April 2025 Newsletter: Funerals

A blessed April to you and your loved ones!

April brings the full swing of Spring that I mentioned last month in the newsletter. That’s especially pertinent for us at Trinity this year, first and foremost, because April this year brings Easter. We have also suffered several losses in dear members of our church family over the past month, and we could all use another reminder of new life. With this focus, I wanted to take a bit of time to speak about funerals.

Why do we take time to have funerals? According to a few Funeral Directors, it is becoming more common for people to opt out of the traditional funeral service. You yourself may have heard of family members or friends that have a different kind of service – sometimes at a church, sometimes at another place; God may be a part of the service or may be omitted. Nevertheless, I would assert that we need funerals today more than ever.

I know some object to the term “funeral” as having too many sad connotations – the word itself comes from the Latin word for death or corpse after all – but I think it’s a term that we should keep. The reality of death is that there is someone in our lives that is missing. That warrants a time of mourning, even if the death came at the end of a long road of suffering or pain. At a funeral, we mourn. At a funeral, we can’t avoid the death that is before us. And in all actuality, I would have us keep it that way.

This isn’t because I want people to be miserable. This isn’t because I want people to feel hurt. Rather, it is because the hope that we have in Christ is one that is centered to and connected with Resurrection. Easter is where Christ becomes, as Paul describes it in 1 Corinthians 15:20, the first fruits of those who have fallen asleep. He’s the first, but those who die believing in his promises will follow him in resurrection. And to be resurrected a person needs to die.

The greatest hope we have in Christ is that death is not the end. Culturally, we live at a time where people would have us push death to the side – that people live on in some way through their memory, or through their possessions, or through their remains, or that death is just a part of life. The assumption is that we should celebrate a life well lived rather than mourn a death. But when we push away death, we push away the fullness of God’s promises. Death is the strictest revelation of the law, yes, but where the strength of the law weighs heaviest on our hearts the Gospel is all the sweeter. The truth about Jesus’ work for our lives is best communicated in its strength at the point of death. And the truth is, we don’t need to hide from its reality. Death cannot defeat God.

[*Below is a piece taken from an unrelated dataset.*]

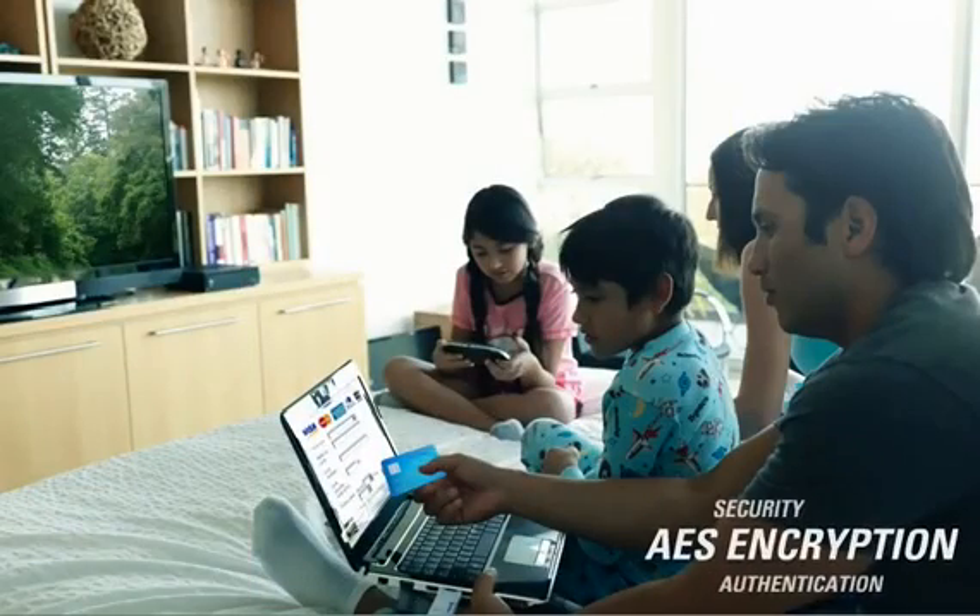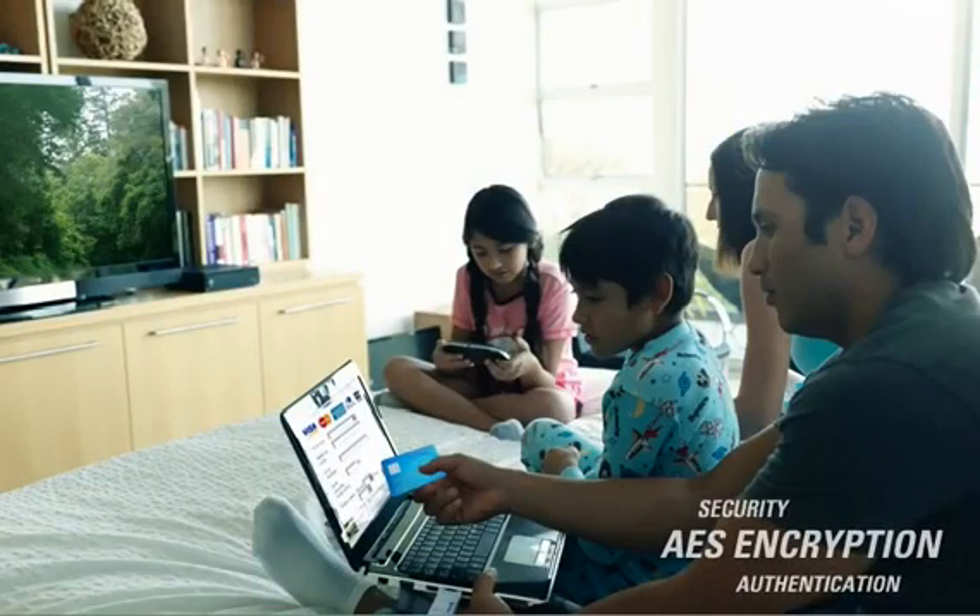With AES encryption and user authentication, credit card transactions, personal records, and medical information are all processed securely.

So, if you come to a funeral at Trinity, and wonder why I focus on talking about a funeral rather than other terms that are floating out there, know that my goal every time you walk into a service at Trinity is that you walk away with more trust in God’s promises and the comfort that they bring, and I believe that speaking in the way I do will aid that goal. And while funerals will come with a lot of mourning and rejoicing, they will always come with even more hope. Blessings on your Lent and Easter!